Stored data entries:
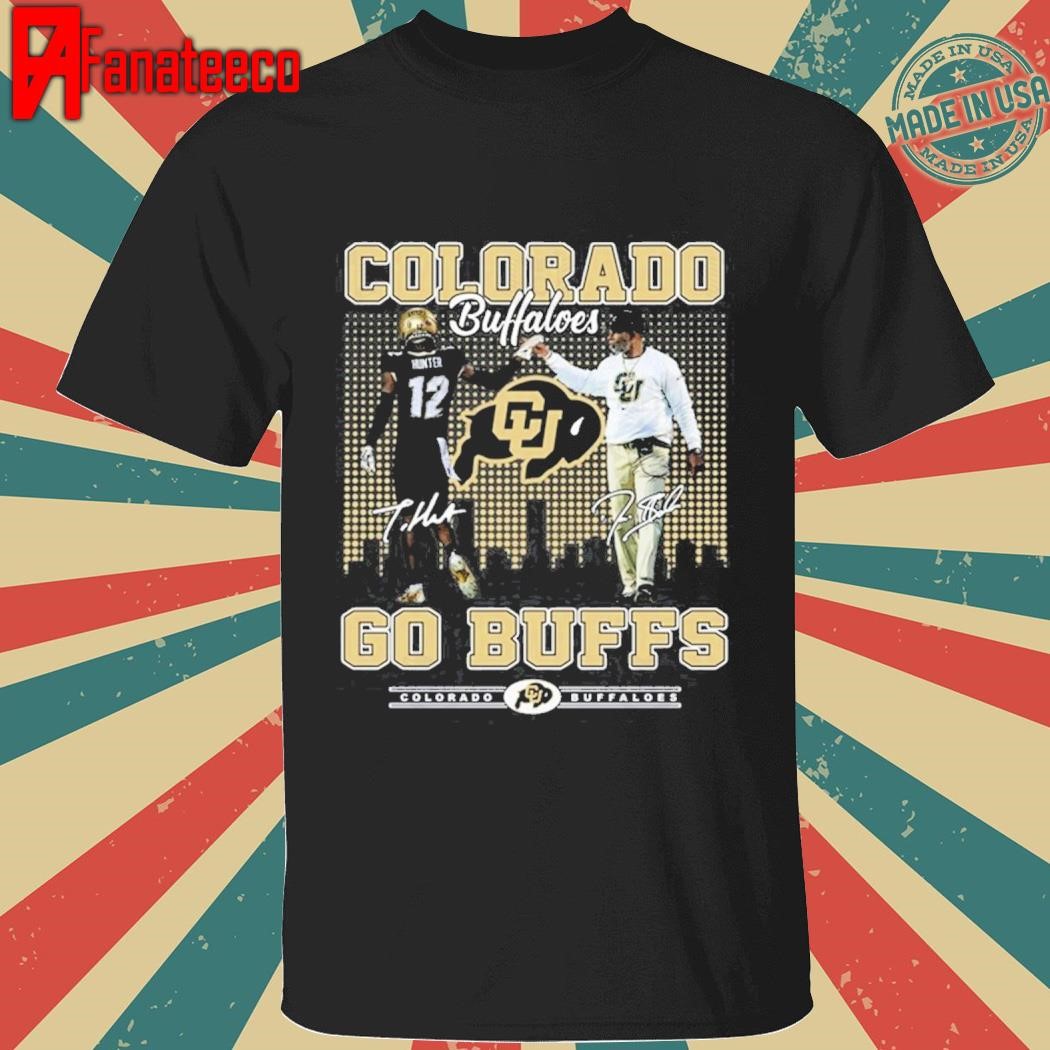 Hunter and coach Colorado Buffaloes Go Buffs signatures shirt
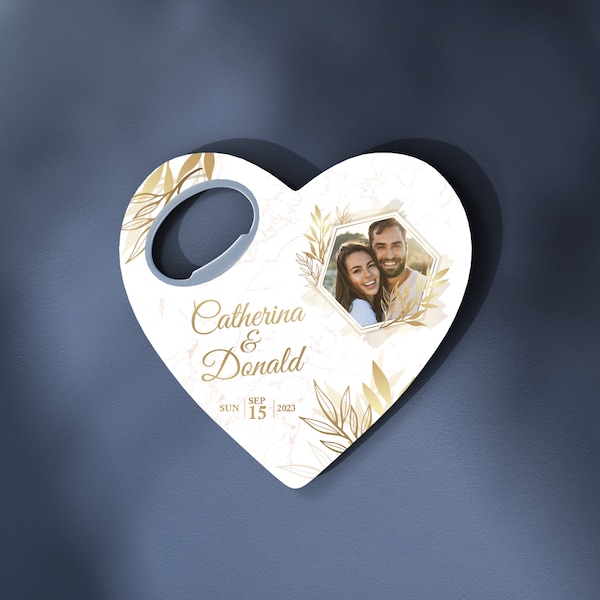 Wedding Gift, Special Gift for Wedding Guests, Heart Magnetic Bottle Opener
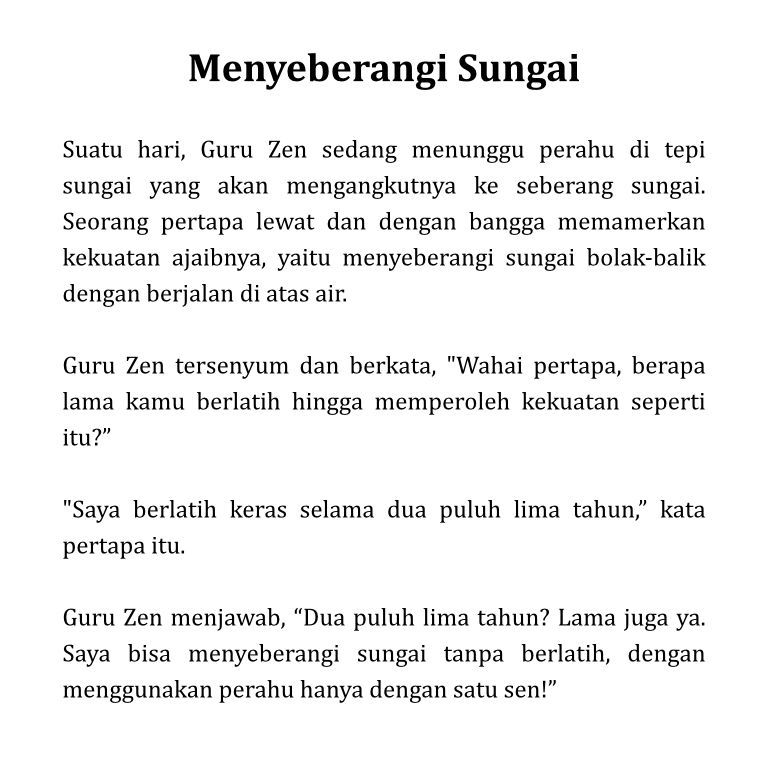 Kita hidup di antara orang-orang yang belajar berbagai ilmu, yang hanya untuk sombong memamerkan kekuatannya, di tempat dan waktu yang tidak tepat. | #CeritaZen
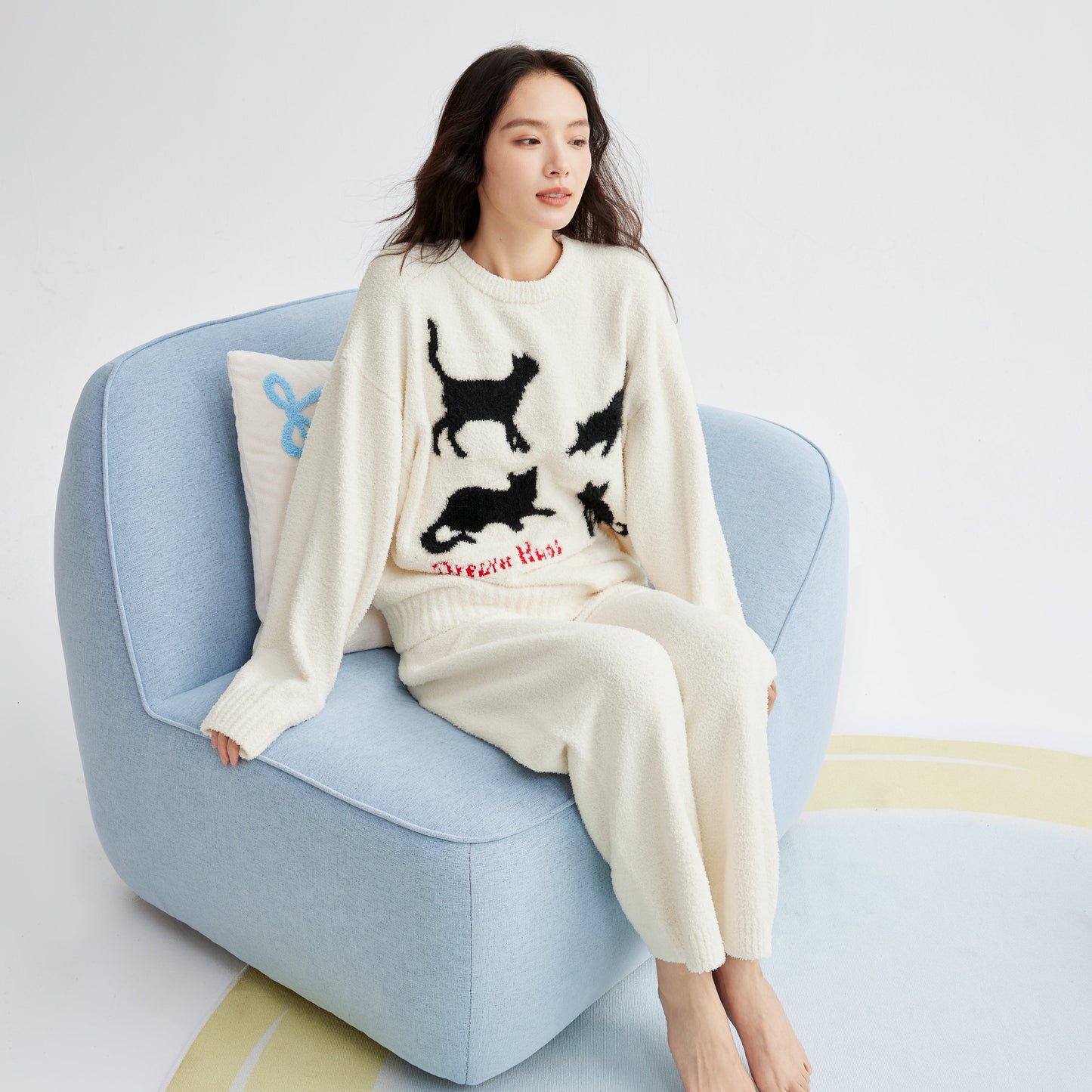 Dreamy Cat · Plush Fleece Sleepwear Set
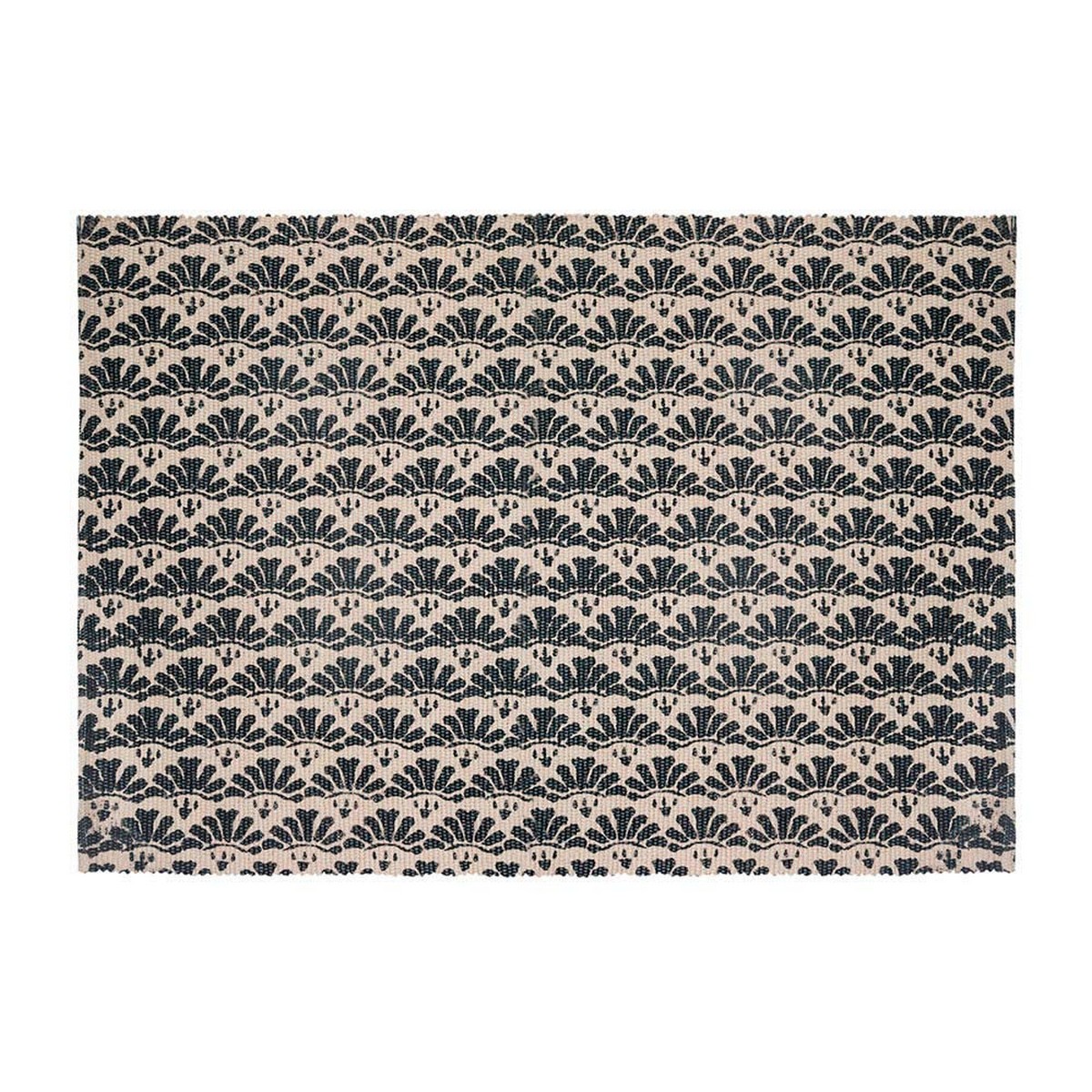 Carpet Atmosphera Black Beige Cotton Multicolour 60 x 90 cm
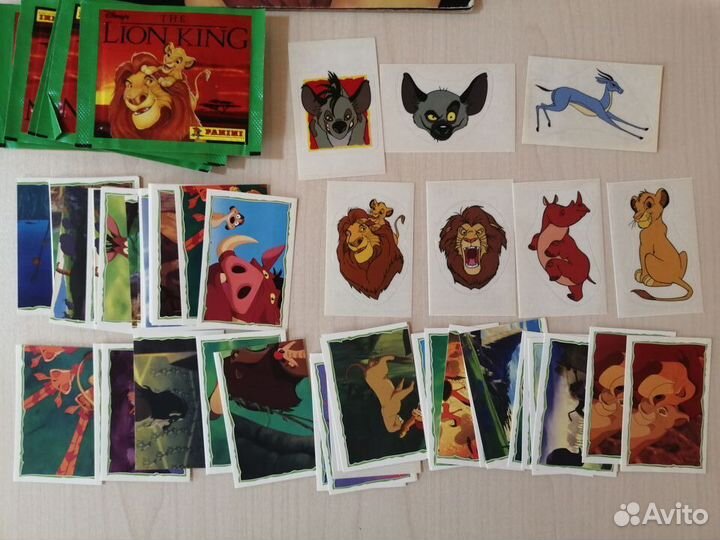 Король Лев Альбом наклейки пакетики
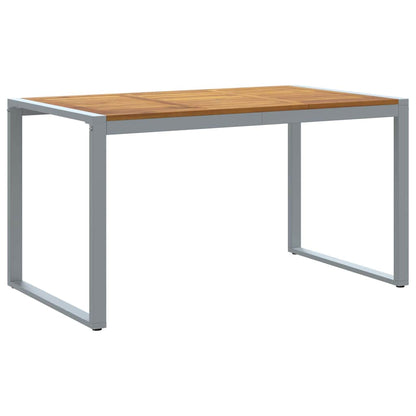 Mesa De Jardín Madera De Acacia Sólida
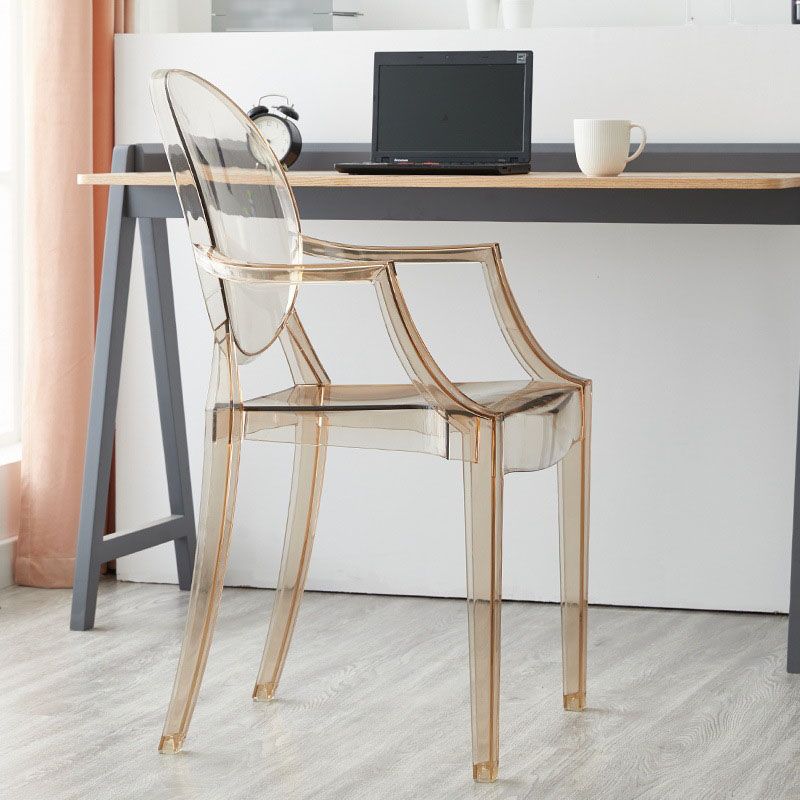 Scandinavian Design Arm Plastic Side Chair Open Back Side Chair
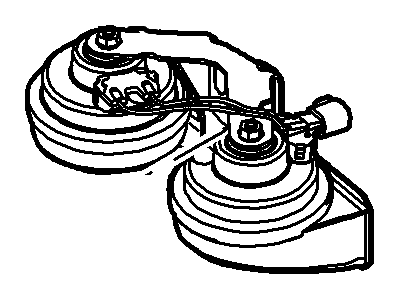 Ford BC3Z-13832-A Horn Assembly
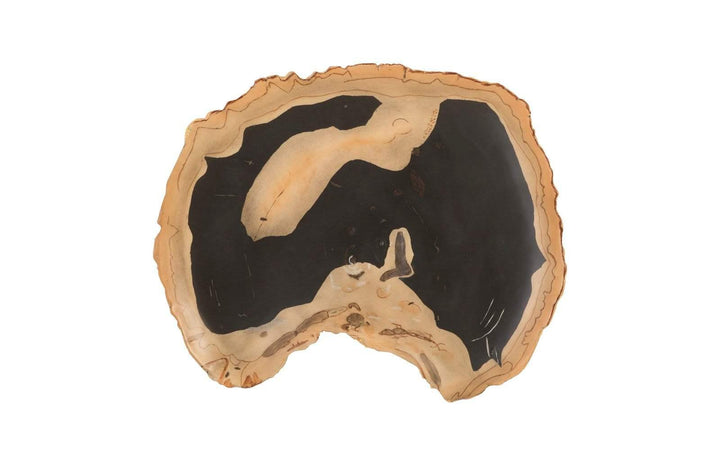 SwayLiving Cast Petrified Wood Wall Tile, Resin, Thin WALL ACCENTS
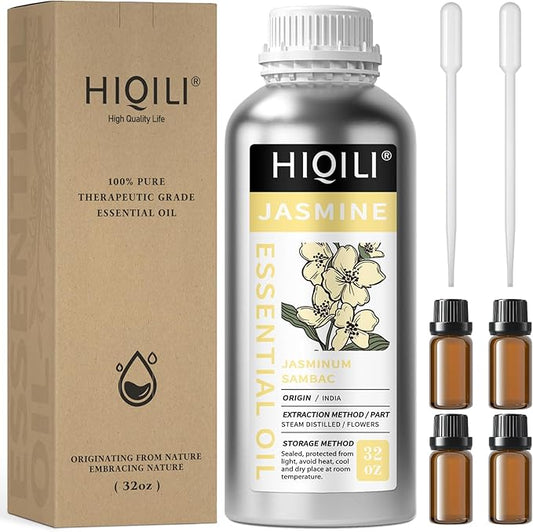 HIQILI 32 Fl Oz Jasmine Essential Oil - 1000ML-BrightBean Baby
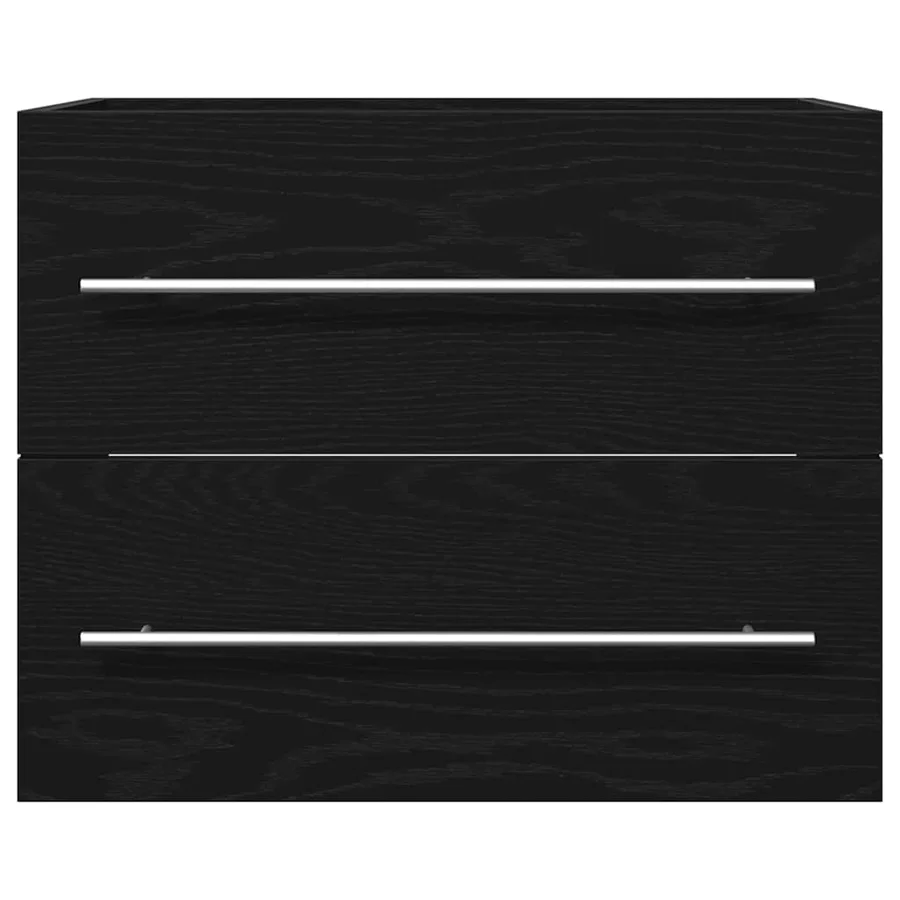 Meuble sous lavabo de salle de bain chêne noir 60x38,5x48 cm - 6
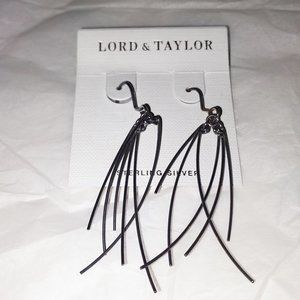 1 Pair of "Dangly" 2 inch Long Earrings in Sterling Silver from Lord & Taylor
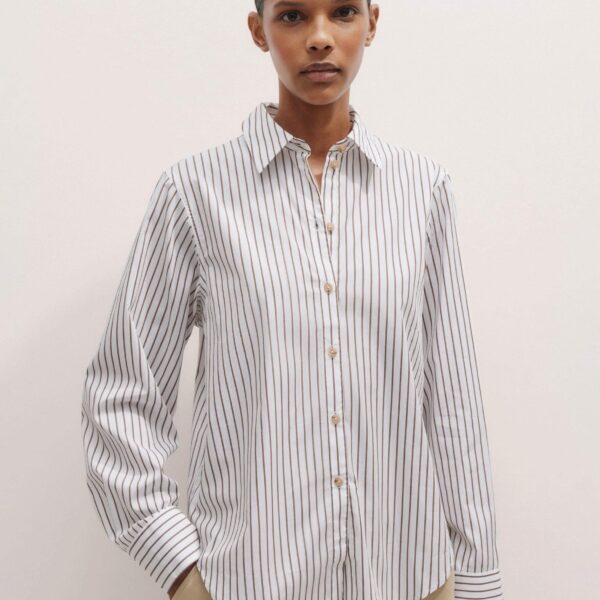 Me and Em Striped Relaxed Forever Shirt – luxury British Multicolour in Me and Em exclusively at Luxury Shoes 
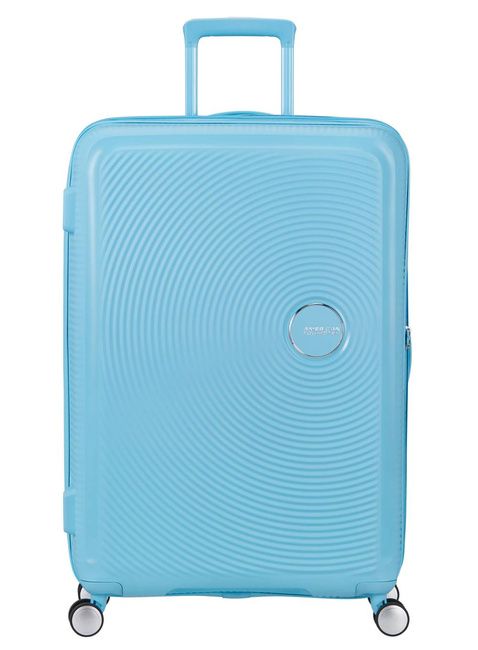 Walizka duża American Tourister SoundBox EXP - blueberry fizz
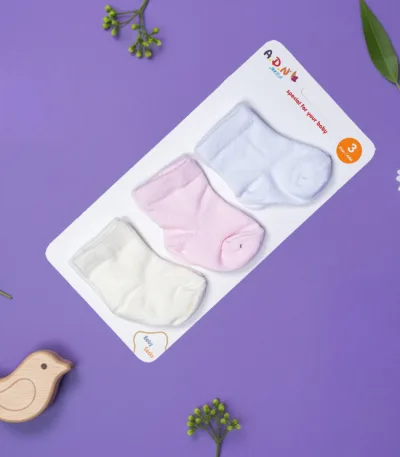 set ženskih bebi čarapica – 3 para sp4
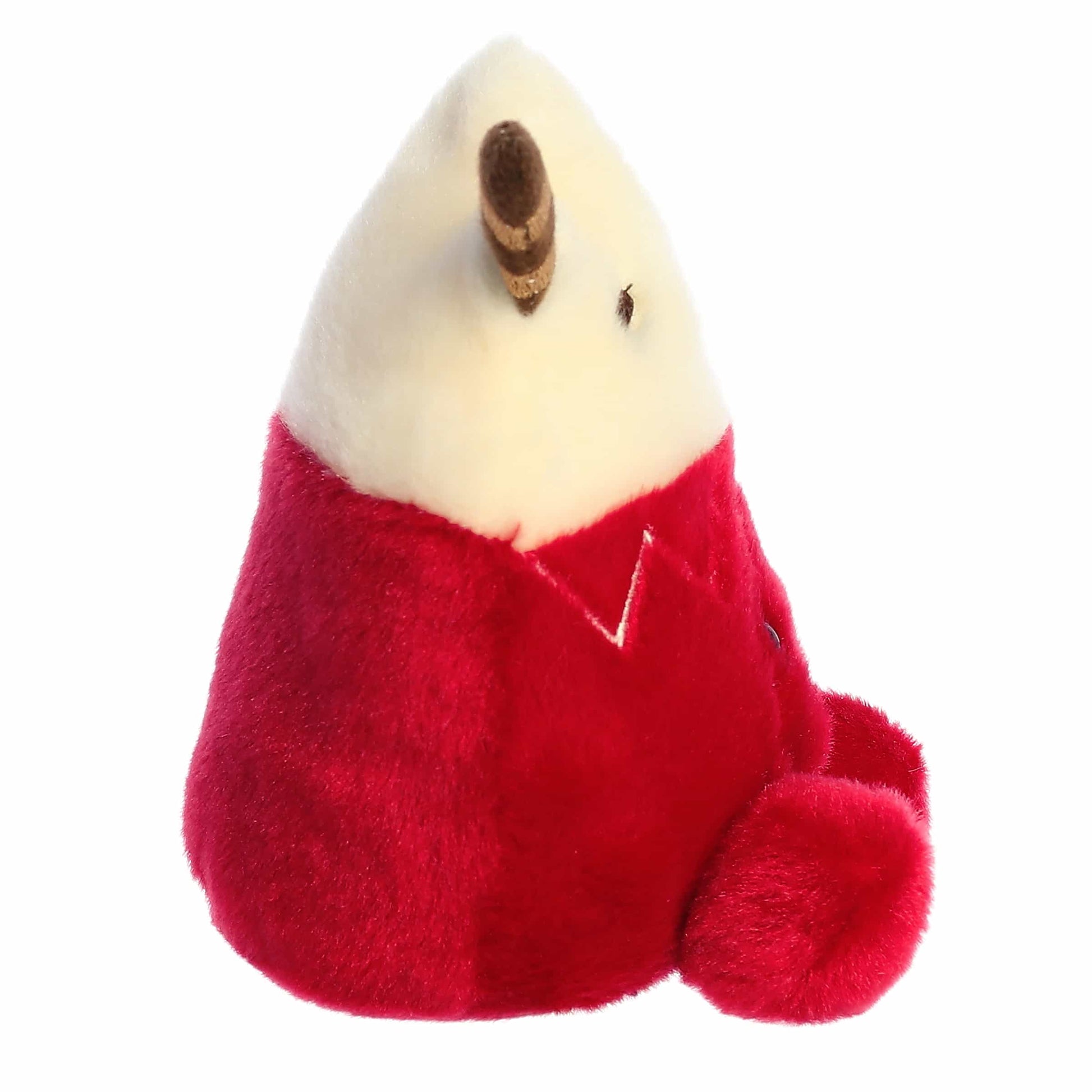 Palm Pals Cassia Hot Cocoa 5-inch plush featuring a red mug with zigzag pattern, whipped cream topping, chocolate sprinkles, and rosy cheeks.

**Problem to solve:** Leave every picture out and return exactly the lines from the one holding "Walizka duża American" through the end of the records above, both ends included, and nothing more.

**Answer to this exercise:**
 Walizka duża American Tourister SoundBox EXP - blueberry fizz
 set ženskih bebi čarapica – 3 para sp4
 Palm Pals Cassia Hot Cocoa 5-inch plush featuring a red mug with zigzag pattern, whipped cream topping, chocolate sprinkles, and rosy cheeks.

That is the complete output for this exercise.